Sangue do meu sangue, eu mesma

3 03 2010

Ontem andei aqui falando que estou viajando, realizando uma pesquisa de genealogia, pesquisando meus antepassados, no desejo de saber quem são, de onde vieram, o que faziam.

Batistério de Cleuza, minha mãe. 1921.

Descobri que a genealogia é também uma ocupação muito saudável para as damas aposentadas feito eu, que perderam o gosto pela farra e pela esbórnia (talvez em virtude dos excessos que já praticaram) e que não tendo mais maridos, filhos, cargos e empregos para se dedicar, procuram algo para encher o tempo.

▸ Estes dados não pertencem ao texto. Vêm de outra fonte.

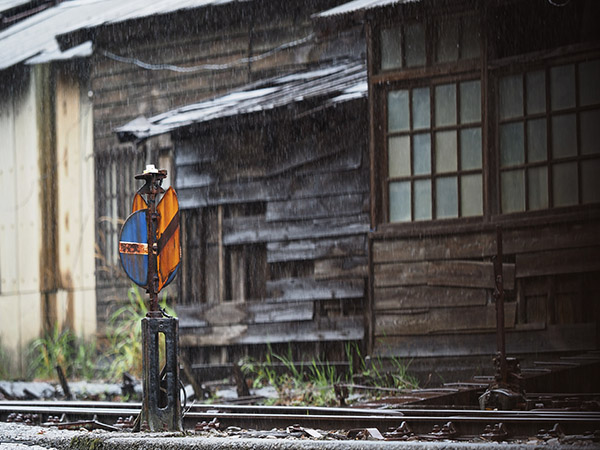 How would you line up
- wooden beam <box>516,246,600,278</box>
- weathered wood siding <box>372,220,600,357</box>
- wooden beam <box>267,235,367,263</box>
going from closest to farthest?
1. wooden beam <box>516,246,600,278</box>
2. weathered wood siding <box>372,220,600,357</box>
3. wooden beam <box>267,235,367,263</box>

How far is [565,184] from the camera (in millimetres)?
10023

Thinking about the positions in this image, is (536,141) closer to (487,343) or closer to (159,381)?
(487,343)

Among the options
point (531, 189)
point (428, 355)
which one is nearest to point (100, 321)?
point (428, 355)

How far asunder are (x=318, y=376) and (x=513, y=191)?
3.38 m

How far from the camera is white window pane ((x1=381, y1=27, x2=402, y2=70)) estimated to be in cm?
1111

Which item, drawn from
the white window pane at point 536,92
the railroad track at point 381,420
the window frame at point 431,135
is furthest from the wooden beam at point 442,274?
the railroad track at point 381,420

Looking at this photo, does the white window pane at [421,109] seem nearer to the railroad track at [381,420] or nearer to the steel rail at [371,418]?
the railroad track at [381,420]

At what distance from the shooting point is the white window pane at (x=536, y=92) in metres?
10.2

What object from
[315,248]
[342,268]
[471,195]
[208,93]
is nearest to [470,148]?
[471,195]

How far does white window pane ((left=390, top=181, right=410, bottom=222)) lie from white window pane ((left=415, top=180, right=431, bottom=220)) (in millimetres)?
114

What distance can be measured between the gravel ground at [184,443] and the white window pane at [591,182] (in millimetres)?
4802

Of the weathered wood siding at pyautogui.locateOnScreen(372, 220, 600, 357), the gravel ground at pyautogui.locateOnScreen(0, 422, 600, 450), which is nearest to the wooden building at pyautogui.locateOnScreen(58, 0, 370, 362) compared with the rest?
the weathered wood siding at pyautogui.locateOnScreen(372, 220, 600, 357)

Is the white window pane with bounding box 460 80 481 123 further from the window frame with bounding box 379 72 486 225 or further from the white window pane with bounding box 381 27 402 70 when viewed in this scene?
the white window pane with bounding box 381 27 402 70

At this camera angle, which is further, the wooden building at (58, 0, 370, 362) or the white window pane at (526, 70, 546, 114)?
the wooden building at (58, 0, 370, 362) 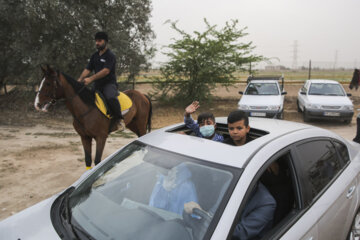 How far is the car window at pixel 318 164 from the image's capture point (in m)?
2.22

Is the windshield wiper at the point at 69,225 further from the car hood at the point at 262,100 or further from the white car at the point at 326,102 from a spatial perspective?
the white car at the point at 326,102

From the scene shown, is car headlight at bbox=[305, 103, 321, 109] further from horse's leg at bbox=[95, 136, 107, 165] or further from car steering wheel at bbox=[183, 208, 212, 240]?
car steering wheel at bbox=[183, 208, 212, 240]

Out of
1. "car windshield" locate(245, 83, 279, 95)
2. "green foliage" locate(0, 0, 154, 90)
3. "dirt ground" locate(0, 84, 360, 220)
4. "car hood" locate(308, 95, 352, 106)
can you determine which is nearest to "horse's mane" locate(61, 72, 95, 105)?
"dirt ground" locate(0, 84, 360, 220)

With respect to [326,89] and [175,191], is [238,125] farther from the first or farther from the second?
[326,89]

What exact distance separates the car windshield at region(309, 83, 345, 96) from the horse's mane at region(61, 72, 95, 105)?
1041cm

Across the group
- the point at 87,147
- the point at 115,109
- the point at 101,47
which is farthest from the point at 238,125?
the point at 101,47

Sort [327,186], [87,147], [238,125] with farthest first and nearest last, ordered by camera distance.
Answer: [87,147] → [238,125] → [327,186]

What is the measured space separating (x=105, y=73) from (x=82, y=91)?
56cm

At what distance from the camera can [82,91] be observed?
17.3ft

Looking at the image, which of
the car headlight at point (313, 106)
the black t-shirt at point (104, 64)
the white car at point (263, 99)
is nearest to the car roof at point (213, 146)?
the black t-shirt at point (104, 64)

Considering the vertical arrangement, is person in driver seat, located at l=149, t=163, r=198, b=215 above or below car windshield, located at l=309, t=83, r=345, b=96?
above

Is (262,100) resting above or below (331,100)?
above

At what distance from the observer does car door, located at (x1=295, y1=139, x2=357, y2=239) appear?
215 centimetres

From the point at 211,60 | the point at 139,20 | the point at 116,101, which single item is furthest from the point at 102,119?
the point at 211,60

A genealogia tem me levado a viajar, conhecer pessoas, encontrar parentes que eu nem sabia que existiam.

O curioso é que quando eu digo às pessoas que estou procurando meus antepassados, logo perguntam se encontrei algum conde ou barão; ou se sou descendente de algum nobre florentino ou fidalgo espanhol. E quando eu digo que sou da família Santa Cruz querem logo saber se sou parente de um comediante que aparecia na TV fazendo pequenos papéis em programas cômicos. Mas é isso mesmo, vivemos numa sociedade onde o que vale é a fama e a notoriedade, mediadas pela TV.

Alguns dos meus antepassados, de sobrenome Salgado de Vasconcelos, foram agricultores e criadores de gado, mascates e tropeiros. Havia ainda os Santa Cruz, que eram bacharéis. fazendeiros e políticos, e um deles quase virou cangaceiro, à frente de um “exército” de cerca de 400 homens, somente porque se indispôs com os políticos que estavam no poder. Isso foi em 1912, em Monteiro/PB e a história é contada por Pedro Nunes no seu espetacular livro “Guerreiro Togado”. Uma versão resumida você pode ler aqui. Tudo isso é do lado da mminha mãe, onde ainda há ramos que não pesquisei como os Duarte, de Canhotinho/PE e os Ferreira, de Flores e Sertãnia, também em Pernambuco.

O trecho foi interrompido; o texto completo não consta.